Non è solo l'immigrazione la conseguenza più grave della crisi del Maghreb, e in particolare quella della Libia. Le principali compagnie petrolifere che operano sul territorio libico, tra cui l'Eni, hanno pianificato l'evacuazione dei propri impiegati, a causa della situazione interna al Paese ai limiti della guerra civile. Si prospetta quindi una vera e propria crisi petrolifera simile a quella degli anni '70, se si considera che la Libia detiene la più grande riserva di greggio in Africa.

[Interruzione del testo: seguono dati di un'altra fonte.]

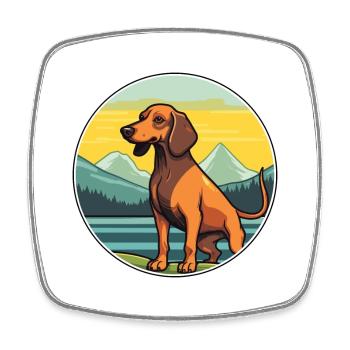 Alpen Dachsbracke Hunderasse Cartoon Kawaii Hund - Viereckiger Kühlschrankmagnet - Weiß - Vorne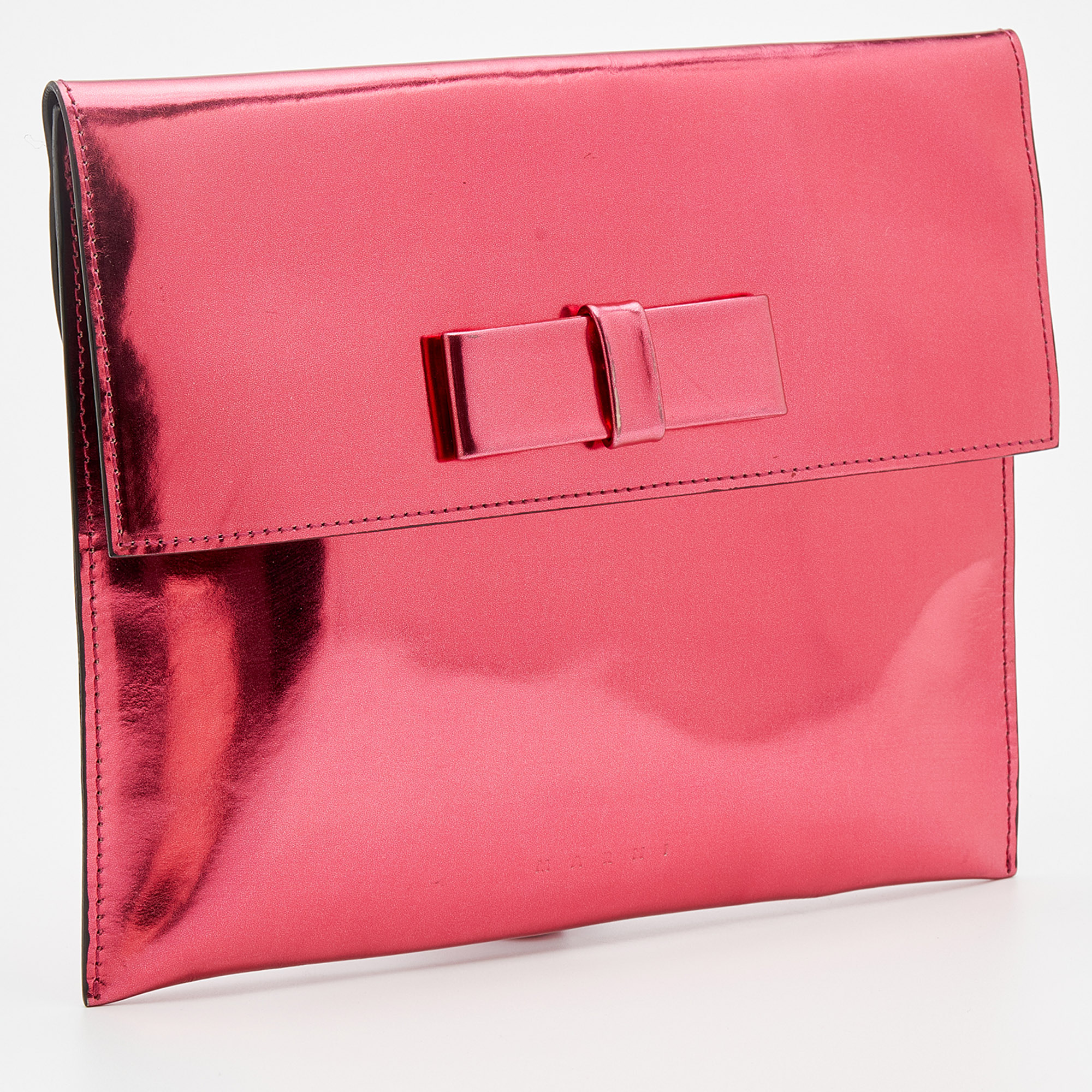 Marni Metallic Pink Patent Leather Bow Clutch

L'Eni è il maggior produttore del settore energetico presente in Libia. In un comunicato diramato oggi dall'azienda, si spiega che è già iniziato il rimpatrio del "personale non essenziale" e delle famiglie degli impiegati. La compagnia energetica norvegese Statoil, che opera in Libia in una partnership con la spagnola Repsol e la francese Total, ha dichiarato che chiuderà i suoi uffici di Tripoli e che alcuni collaboratori stranieri sono già in partenza: "La sicurezza del nostro personale è la nostra priorità", ha spiegato il portavoce Bard Glad Pedersen.

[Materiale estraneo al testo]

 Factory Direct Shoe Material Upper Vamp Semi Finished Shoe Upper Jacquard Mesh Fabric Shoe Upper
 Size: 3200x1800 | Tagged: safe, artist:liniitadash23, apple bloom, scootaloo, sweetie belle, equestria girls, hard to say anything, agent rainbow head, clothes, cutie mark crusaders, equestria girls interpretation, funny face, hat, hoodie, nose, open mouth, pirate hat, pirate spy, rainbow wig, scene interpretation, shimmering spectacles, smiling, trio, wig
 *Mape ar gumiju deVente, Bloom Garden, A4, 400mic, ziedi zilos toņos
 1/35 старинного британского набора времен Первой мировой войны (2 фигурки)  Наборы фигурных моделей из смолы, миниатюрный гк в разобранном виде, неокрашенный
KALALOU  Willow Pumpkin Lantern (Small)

Per molti anni la Libia è stata un oggetto misterioso per le maggiori compagnie petrolifere e dell'energia mondiali, a causa del suo governo anti-americano e ai legami con le organizzazioni terroristiche. Unica eccezione è proprio l'Eni, che opera nel Paese dal 1959. Ma l'economia italiana è legata alla Libia sin dall'avventura coloniale iniziata negli anni '10 del Novecento, e il Paese africano può essere considerato oggi come un vero e proprio pilastro della politica estera ed economica dell'Italia, come dimostra la partecipazione di capitali libici in Unicredit.